Para pul da işin içine girince, konu büsbütün dallanıp budaklanıyor. Örnek olsun, dağcılığın alışılmış anlamda bir spor olmadığı ileri sürülebilir belki. Çoktan ileri sürülmüştür, demek istiyorum. Bilemem, sormak lazım. Bir zamanların sloganlaştırılmış kalıbıyla, “bir bilene soralım”, daha doğrusu bilgilerine güvendiklerimize soralım. Şu anda bu imkânım yok. Ayrıca, onlardan iyi tanıdığım birini yakalasam, telefonla arasam örneğin, sorsam, bu sizinki spor mudur, ne kadarı spordur, ne kadarı sporu çok aşar, benzeri sorular yöneltsem… Ne yanıt alırım?

Sevimli bir yanıt olmayabilir. Bıkkınlıktandır birazı. Birazı da, benim unutulmuş olduğunu umduğum hoyratlıklarımla ilgili olabilir. Sözgelimi, şu yakalayıp sorsam derken aklımdaki çocuk benim sorumu ciddiye alıp almamakta tereddüt ederse, hatta düpedüz ciddiye almazsa, ne şaşırırım ne de gönül koyarım. Şu nedenle: Çok zorlu bir tırmanıştan, belki de en zorlusundan dönmüşlerdi. Ciddi tehlike atlattıklarını, kendisinin de burnunun donduğunu ya da donayazdığını işitmiştim. O günlerde, bir mecliste karşılaştığımızdaydı galiba, yanıma çağırıp yüzüne değil burnuna bakarak “iyi, yerinde duruyor” demiştim ve bu dayanılmaz esprinin ardından birkaç dakika süren bir nasihat faslına geçmiştim. O sıralar daha yeni sayılırdı tanışıklığımız; “Hödüğün biriymiş!” diye aklından geçirmiş midir acaba? O gün bugündür belleğimde takılı kalmış bir sorudur.
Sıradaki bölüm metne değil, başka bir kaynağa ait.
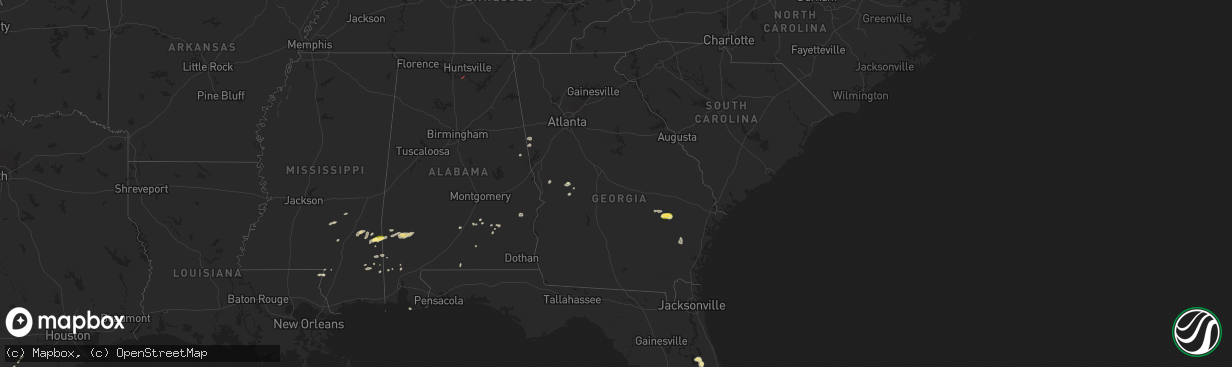 Hail map in Georgia on May 27, 2025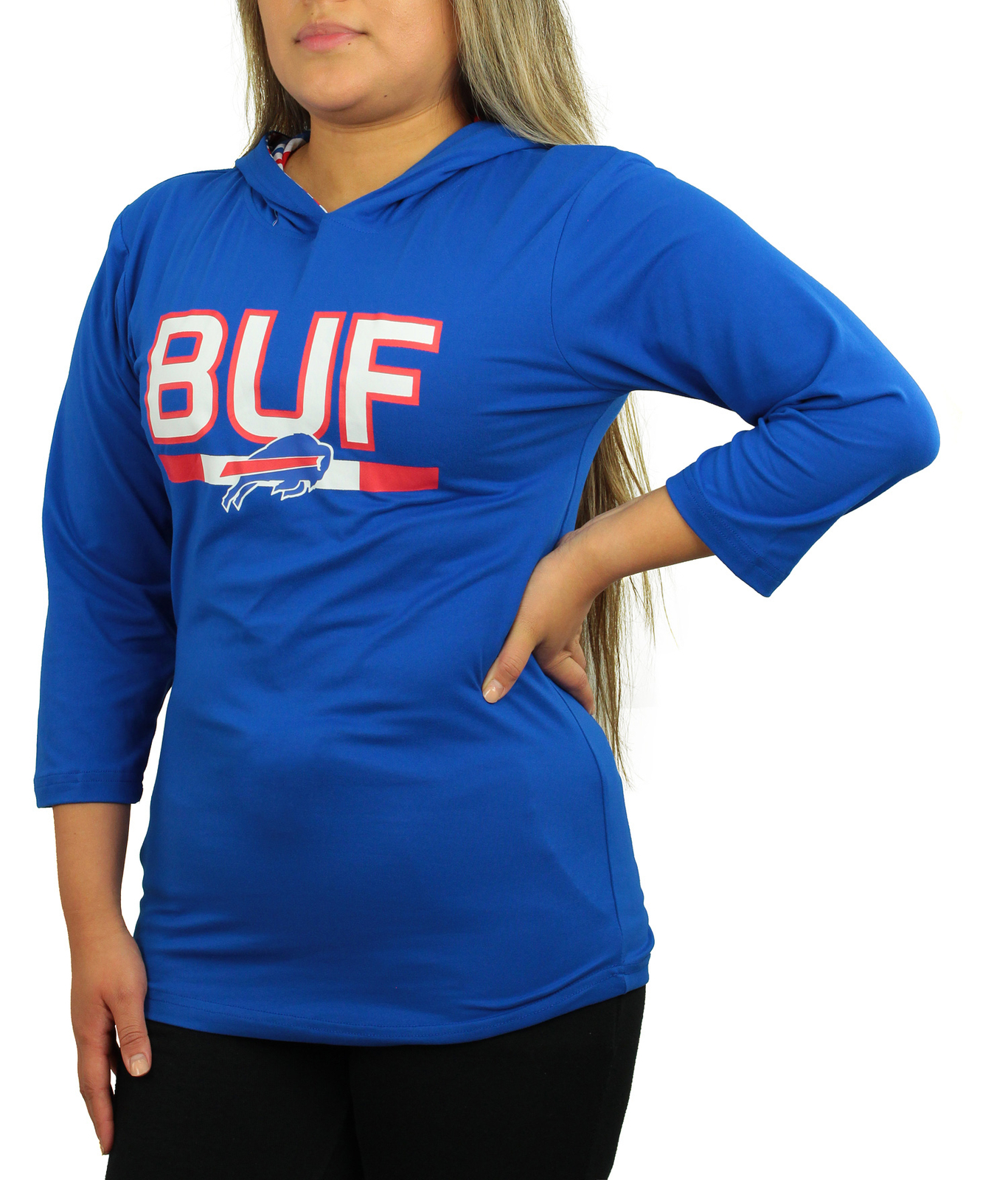 Легкий пуловер с капюшоном Zubaz NFL Womens Buffalo Bills однотонного командного цвета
On yıl olmuştur en az. Belki de daha çok.

Deminden beri çocuk diyerek andıklarım, çocukluğu geride bırakalı çok olmuş, aklı başında yetişkinlerdir. Peki, niye hâlâ “çocuk” deyip duruyorum? Bunu açıklamak gerekebilir. Ben daha uzun yaşamış durumdayım; dolayısıyla, sevdiklerimin çoğu “çocuk” denebilecek kadar genç yaştalar ya da bana öyle geliyor! Bir bu. Ayrıca, “çocuklar” diye seslenmenin güzelliğine oldum olası tutkunumdur. Bir de bu. Yoksa, Kemal Paşa özentisi neyim sanılmasın!

Söz uzadıkça uzadı, neden dağcılık karşıtlığından bir türlü vazgeçemediğimi açıkça yazmadım hâlâ. Gereğince örgütlenememenin, buna bağlı eksiklerin, yanı sıra, belki de, kötü rastlantıların cezasının kabul edilemez ağırlıkta olduğuna değinmiştim yukarıda. Nedeni budur. 

İyi insanlar kolay yetişmiyor. Komünist olanlarıysa daha da büyük güçlüklerle yetişebiliyorlar. Onlardan mücadele niyetinde ve gücünde olanların, kim ne derse desin, “yok yere” yitip gitmelerine nasıl göz yumulabilir?

“Ne faydacı bir yaklaşım!” diye eleştirenler bulunacaktır mutlaka. Canları sağ olsun. Öne çıkarmaya çalıştığımız kişisel fayda olmadığına göre, alınmak gerekmez. 

____________________________________

Yoldaşım, arkadaşım, kız kardeşim İnci Akalın aramızdan göçtü. Ayaklarım söz dinlemedi, toprağa verilişine tanıklık etmeye gidemedim. Sevgiyle anıyorum şimdi, hep öyle olacak. Yaşama coşkusunu hiç yitirmeyen görüntüsüyle kalacak belleğimde.